▶ _WORK ITEM_
The line with "1875 Dollar Patterns", the line with "Ski Bum - Spruce Kids Beanie", and all lines between them in the material below: return these exactly, and no others.

▶ _EXTRACTED INFORMATION_

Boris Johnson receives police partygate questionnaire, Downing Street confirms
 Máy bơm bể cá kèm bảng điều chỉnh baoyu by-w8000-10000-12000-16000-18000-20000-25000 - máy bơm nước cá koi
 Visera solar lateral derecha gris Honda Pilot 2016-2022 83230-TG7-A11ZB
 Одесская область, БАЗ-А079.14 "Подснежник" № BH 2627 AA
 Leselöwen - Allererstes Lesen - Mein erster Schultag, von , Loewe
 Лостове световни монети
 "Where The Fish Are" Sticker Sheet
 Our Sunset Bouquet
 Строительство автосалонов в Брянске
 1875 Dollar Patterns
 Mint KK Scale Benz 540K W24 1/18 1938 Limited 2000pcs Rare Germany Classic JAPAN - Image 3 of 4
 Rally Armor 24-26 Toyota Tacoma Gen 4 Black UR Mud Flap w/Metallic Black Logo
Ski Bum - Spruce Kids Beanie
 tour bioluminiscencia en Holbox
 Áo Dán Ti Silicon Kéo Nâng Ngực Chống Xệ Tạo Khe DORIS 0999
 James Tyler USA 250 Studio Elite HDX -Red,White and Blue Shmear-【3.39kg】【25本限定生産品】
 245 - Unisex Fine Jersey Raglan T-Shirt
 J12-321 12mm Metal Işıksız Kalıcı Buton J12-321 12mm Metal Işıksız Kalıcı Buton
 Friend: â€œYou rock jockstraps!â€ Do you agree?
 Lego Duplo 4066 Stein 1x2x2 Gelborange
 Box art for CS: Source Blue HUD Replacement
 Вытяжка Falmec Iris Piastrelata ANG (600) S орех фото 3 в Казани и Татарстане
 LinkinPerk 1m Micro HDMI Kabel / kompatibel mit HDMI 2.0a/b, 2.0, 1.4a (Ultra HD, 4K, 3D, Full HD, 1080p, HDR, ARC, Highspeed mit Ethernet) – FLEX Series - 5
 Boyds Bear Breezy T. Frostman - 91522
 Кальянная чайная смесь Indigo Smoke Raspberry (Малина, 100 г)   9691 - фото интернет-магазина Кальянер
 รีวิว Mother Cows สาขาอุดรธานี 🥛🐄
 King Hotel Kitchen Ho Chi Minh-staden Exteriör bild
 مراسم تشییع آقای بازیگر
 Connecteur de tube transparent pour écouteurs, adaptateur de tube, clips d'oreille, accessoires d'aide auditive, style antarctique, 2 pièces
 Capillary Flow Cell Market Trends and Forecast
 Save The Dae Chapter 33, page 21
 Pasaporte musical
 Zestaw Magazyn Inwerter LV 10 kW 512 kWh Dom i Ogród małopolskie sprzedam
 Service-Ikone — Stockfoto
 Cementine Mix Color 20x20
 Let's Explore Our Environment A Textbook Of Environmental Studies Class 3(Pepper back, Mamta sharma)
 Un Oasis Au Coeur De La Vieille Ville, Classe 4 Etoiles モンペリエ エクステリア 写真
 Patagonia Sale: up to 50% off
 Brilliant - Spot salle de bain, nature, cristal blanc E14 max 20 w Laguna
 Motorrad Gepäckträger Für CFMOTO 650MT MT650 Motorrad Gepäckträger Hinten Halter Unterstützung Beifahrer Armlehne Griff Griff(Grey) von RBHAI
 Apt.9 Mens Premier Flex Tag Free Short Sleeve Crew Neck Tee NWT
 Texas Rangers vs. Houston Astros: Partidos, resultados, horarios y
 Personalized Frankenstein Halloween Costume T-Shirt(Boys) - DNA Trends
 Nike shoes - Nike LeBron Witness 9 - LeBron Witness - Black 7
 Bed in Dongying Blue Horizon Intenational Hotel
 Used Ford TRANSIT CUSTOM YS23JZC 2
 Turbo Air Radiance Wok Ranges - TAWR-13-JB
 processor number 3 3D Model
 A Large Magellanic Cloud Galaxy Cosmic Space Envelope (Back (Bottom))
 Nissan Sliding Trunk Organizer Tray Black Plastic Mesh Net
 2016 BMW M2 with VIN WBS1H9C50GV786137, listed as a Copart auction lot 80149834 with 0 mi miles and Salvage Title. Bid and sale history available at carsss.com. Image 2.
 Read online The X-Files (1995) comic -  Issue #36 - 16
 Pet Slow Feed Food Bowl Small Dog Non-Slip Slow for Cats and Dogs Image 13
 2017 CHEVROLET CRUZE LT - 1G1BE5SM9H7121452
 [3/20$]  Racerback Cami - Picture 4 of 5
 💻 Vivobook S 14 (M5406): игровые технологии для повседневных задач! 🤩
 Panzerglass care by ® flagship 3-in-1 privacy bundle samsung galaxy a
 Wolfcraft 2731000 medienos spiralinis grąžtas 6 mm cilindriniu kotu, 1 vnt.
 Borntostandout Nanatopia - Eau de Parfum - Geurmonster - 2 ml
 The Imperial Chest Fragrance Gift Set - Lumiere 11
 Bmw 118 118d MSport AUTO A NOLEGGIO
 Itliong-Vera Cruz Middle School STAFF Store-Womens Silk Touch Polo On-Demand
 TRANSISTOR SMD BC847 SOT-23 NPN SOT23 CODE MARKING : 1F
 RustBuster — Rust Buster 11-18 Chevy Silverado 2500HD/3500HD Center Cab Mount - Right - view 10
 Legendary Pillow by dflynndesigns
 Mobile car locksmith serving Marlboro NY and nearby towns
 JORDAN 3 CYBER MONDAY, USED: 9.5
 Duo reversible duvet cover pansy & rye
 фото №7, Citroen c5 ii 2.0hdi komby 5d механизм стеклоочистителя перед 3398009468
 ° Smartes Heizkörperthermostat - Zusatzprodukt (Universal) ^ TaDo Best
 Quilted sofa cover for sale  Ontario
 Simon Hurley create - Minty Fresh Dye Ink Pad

▶ _SOLUTION TO THIS EXERCISE_
 1875 Dollar Patterns
 Mint KK Scale Benz 540K W24 1/18 1938 Limited 2000pcs Rare Germany Classic JAPAN - Image 3 of 4
 Rally Armor 24-26 Toyota Tacoma Gen 4 Black UR Mud Flap w/Metallic Black Logo
Ski Bum - Spruce Kids Beanie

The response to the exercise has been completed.